# TASK PROMPT:
The entries must be set down again word for word; no pictures belong in the copy.

(Scraped caption text data)
━━━━━━━━━━━━━━━━

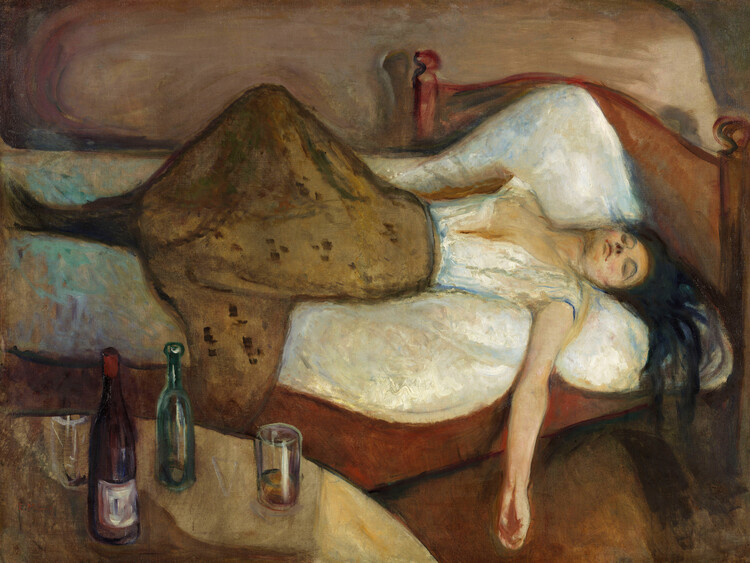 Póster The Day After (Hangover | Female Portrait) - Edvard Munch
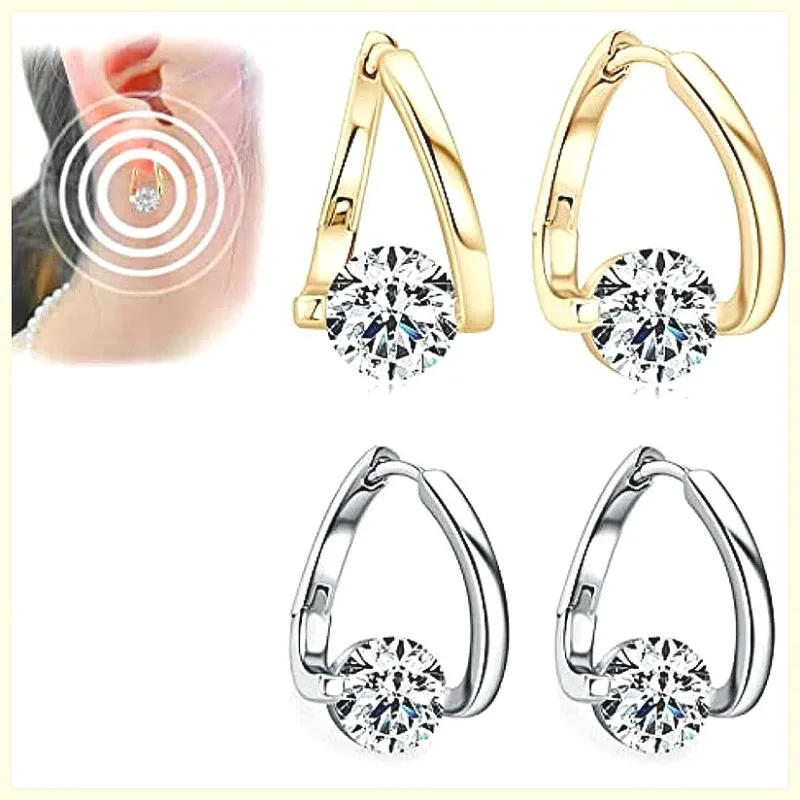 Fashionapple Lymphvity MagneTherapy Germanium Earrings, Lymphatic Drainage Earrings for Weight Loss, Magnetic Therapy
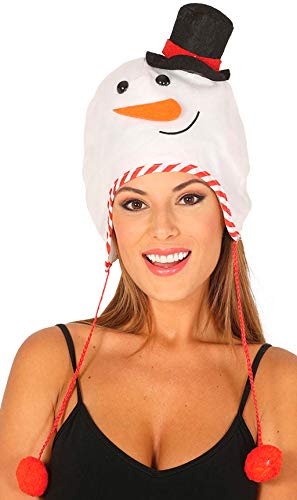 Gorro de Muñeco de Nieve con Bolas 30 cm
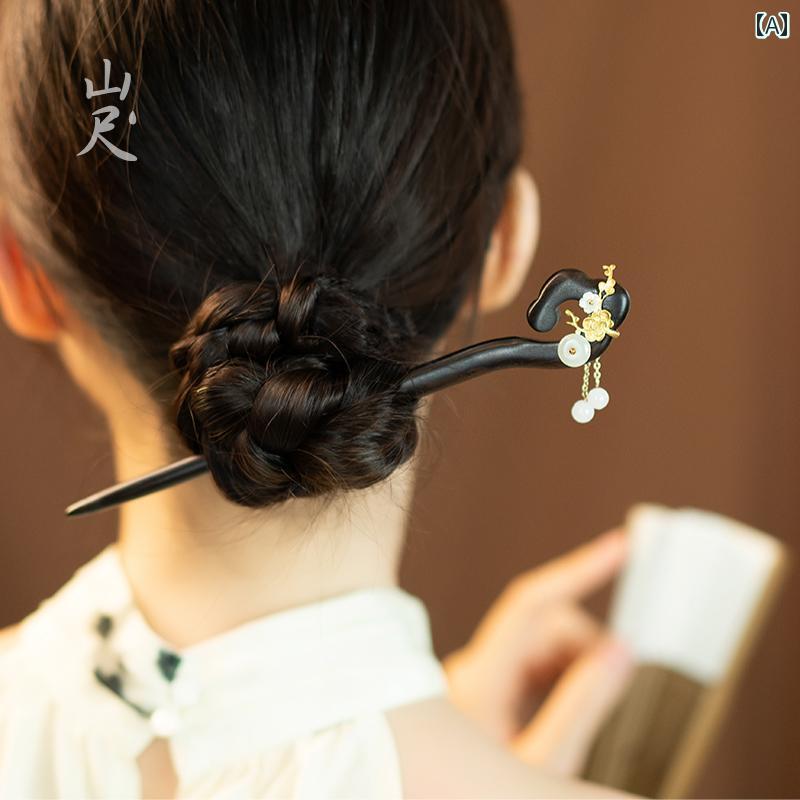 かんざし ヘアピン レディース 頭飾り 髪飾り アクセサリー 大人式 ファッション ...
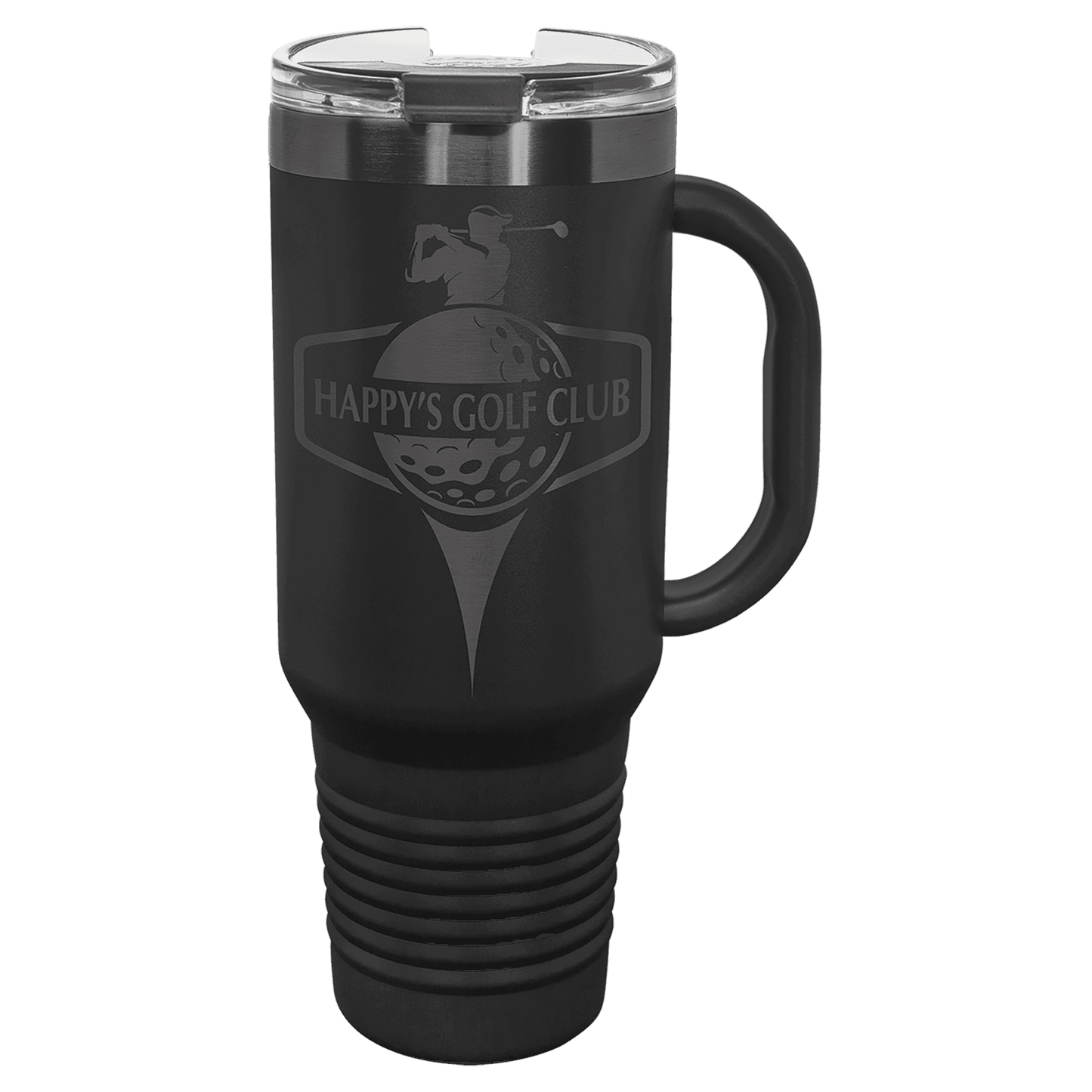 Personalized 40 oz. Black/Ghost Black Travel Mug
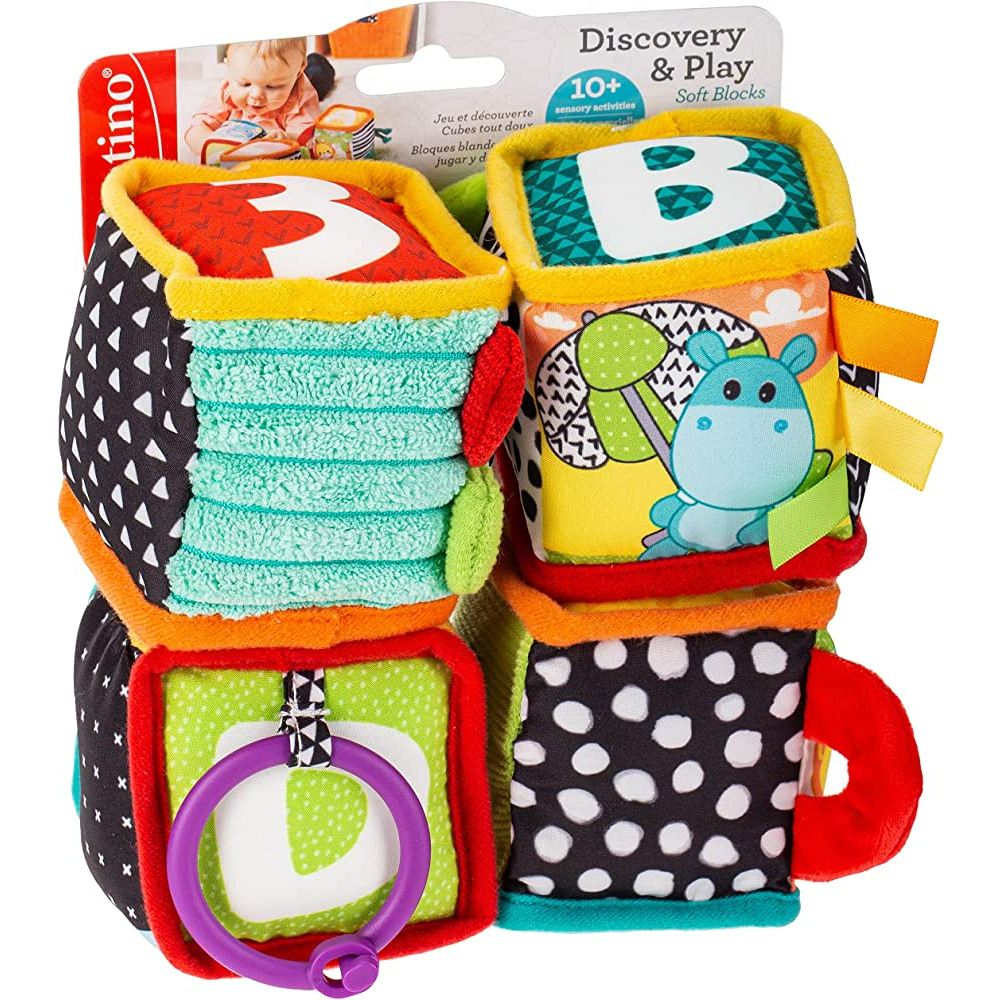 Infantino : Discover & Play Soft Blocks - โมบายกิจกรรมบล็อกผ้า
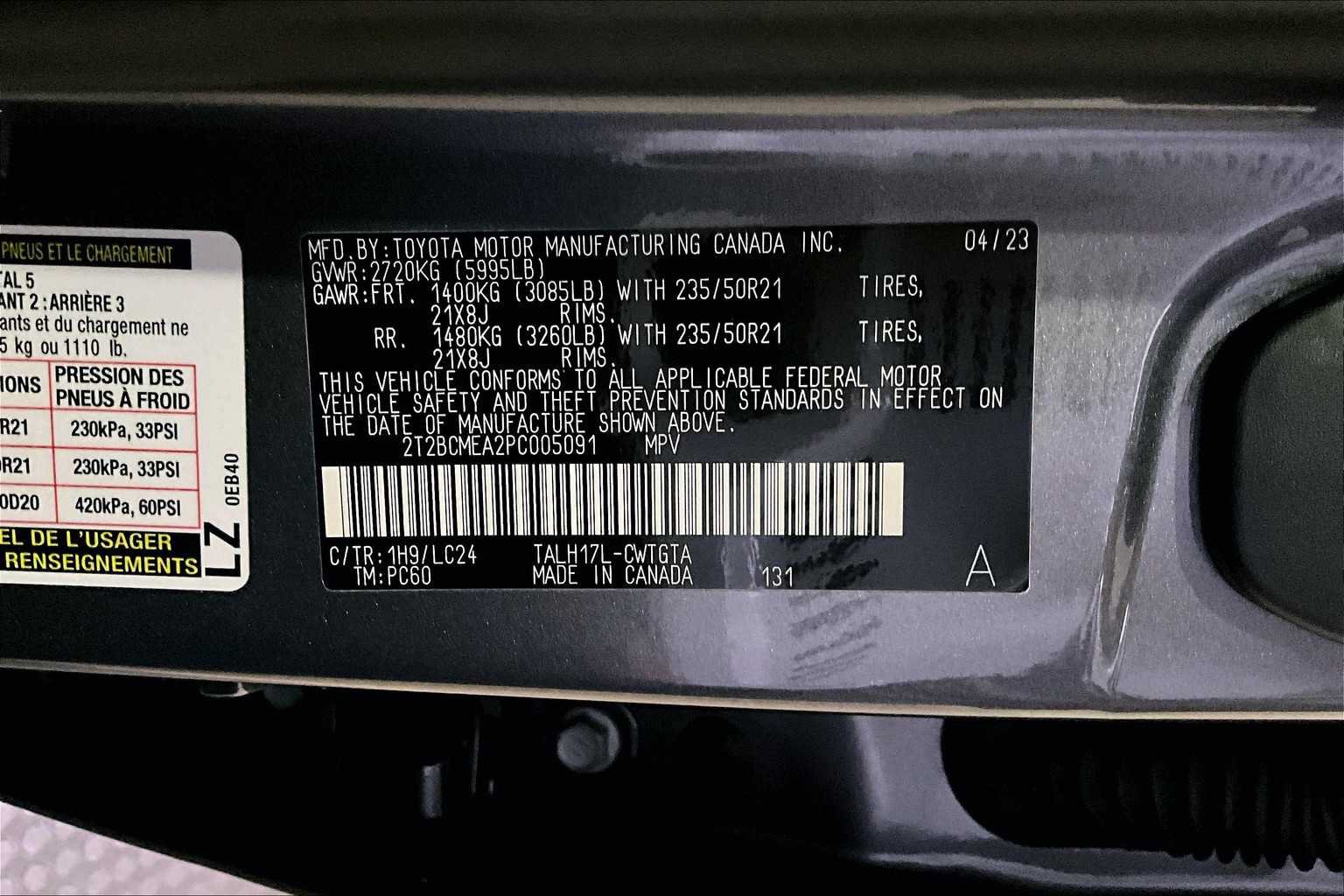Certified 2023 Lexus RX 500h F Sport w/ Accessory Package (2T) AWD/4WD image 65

━━━━━━━━━━━━━━━━

# RESPONSE AREA:
 Póster The Day After (Hangover | Female Portrait) - Edvard Munch
 Fashionapple Lymphvity MagneTherapy Germanium Earrings, Lymphatic Drainage Earrings for Weight Loss, Magnetic Therapy
 Gorro de Muñeco de Nieve con Bolas 30 cm
 かんざし ヘアピン レディース 頭飾り 髪飾り アクセサリー 大人式 ファッション ...
 Personalized 40 oz. Black/Ghost Black Travel Mug
 Infantino : Discover & Play Soft Blocks - โมบายกิจกรรมบล็อกผ้า
Certified 2023 Lexus RX 500h F Sport w/ Accessory Package (2T) AWD/4WD image 65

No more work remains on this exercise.